> _What the task asks_
Repeat, word for word, all the data that follows, and exclude the pictures.

[[ Data section open ]]

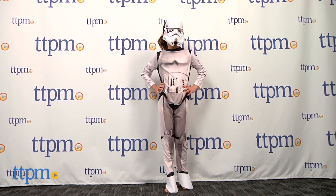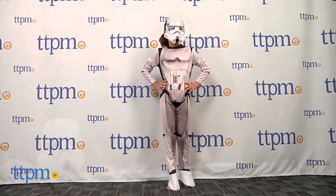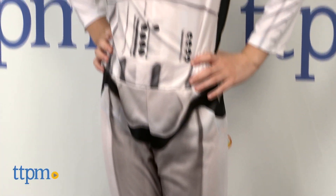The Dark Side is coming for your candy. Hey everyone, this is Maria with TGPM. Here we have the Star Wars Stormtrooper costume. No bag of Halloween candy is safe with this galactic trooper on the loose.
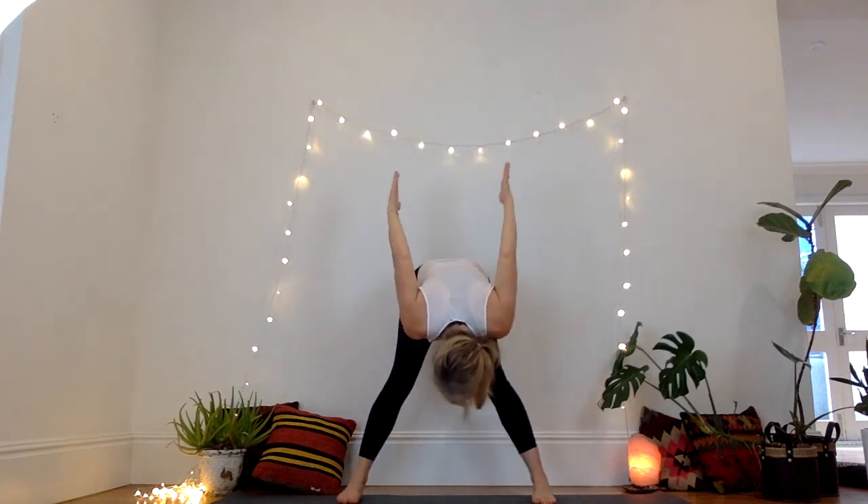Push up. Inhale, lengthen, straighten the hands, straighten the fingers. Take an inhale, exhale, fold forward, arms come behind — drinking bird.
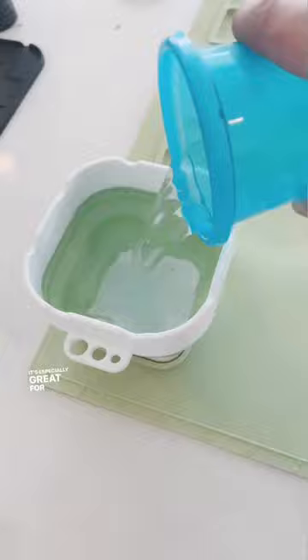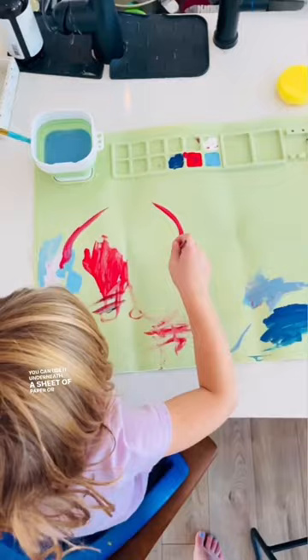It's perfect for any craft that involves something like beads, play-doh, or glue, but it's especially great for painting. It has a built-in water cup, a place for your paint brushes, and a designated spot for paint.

[[ Data section closed ]]

> _Task result_
The Dark Side is coming for your candy. Hey everyone, this is Maria with TGPM. Here we have the Star Wars Stormtrooper costume. No bag of Halloween candy is safe with this galactic trooper on the loose.
Push up. Inhale, lengthen, straighten the hands, straighten the fingers. Take an inhale, exhale, fold forward, arms come behind — drinking bird.
It's perfect for any craft that involves something like beads, play-doh, or glue, but it's especially great for painting. It has a built-in water cup, a place for your paint brushes, and a designated spot for paint.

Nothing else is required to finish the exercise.